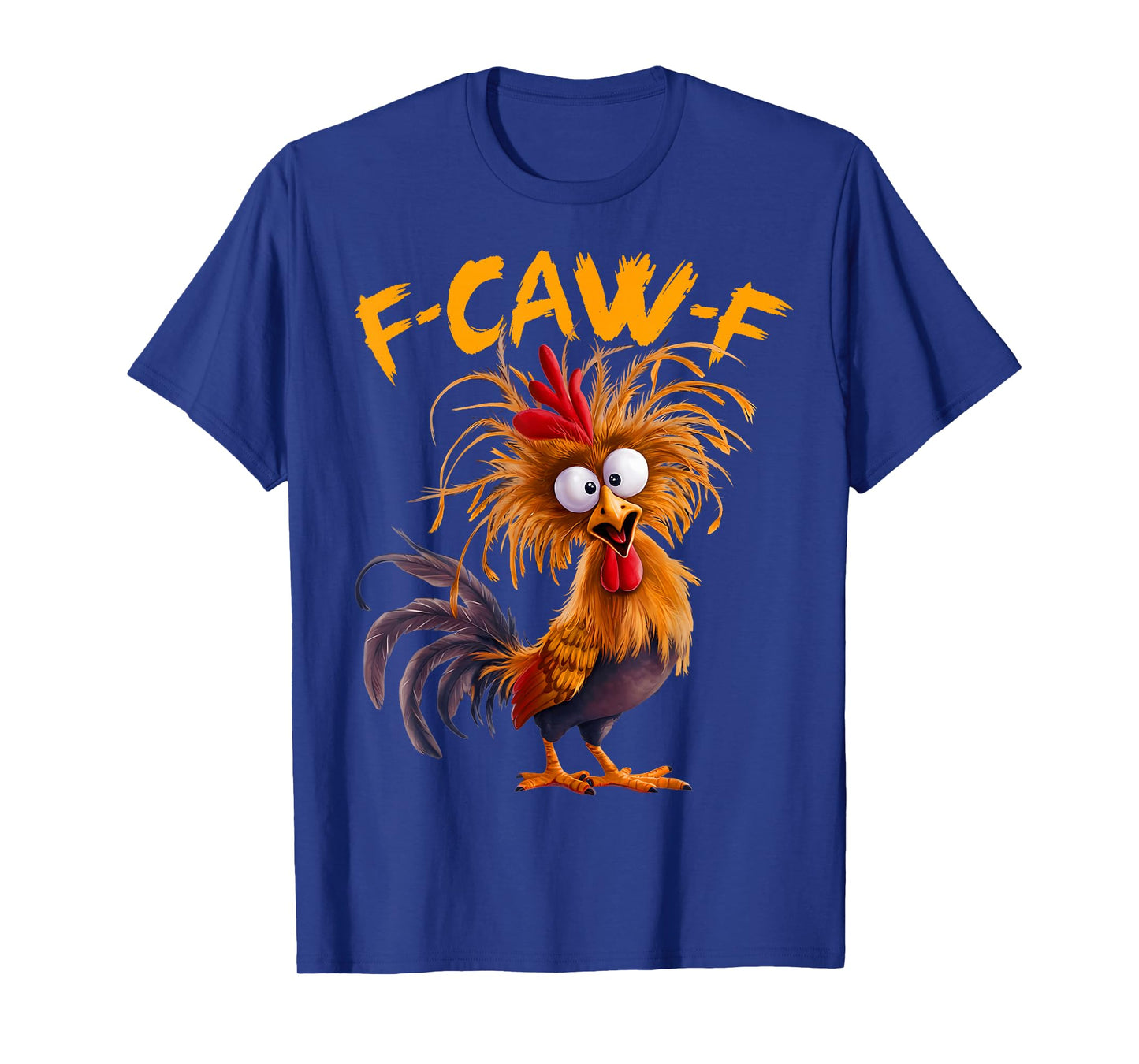 Funny F Caw F Chicken Rooster Meme F-Caw-F Saying Pun Humor T-Shirt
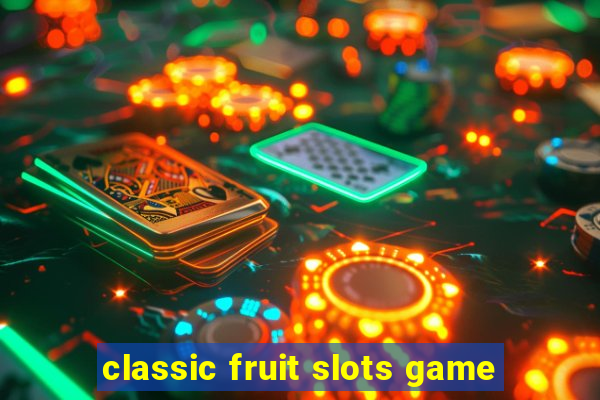 classic fruit slots game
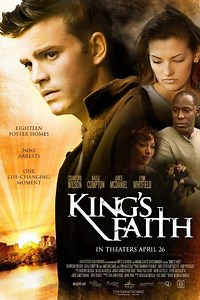 King’s Faith | Movie Release, Showtimes & Trailer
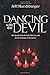 Dancing  With the Devil: An Honest Look Into the Occult from Former Followers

**Task to carry out**: When you transcribe the lines above, keep every word exact but leave the pictures behind.

**Reply to the exercise**:
 Funny F Caw F Chicken Rooster Meme F-Caw-F Saying Pun Humor T-Shirt
 classic fruit slots game
 King’s Faith | Movie Release, Showtimes & Trailer
 Dancing  With the Devil: An Honest Look Into the Occult from Former Followers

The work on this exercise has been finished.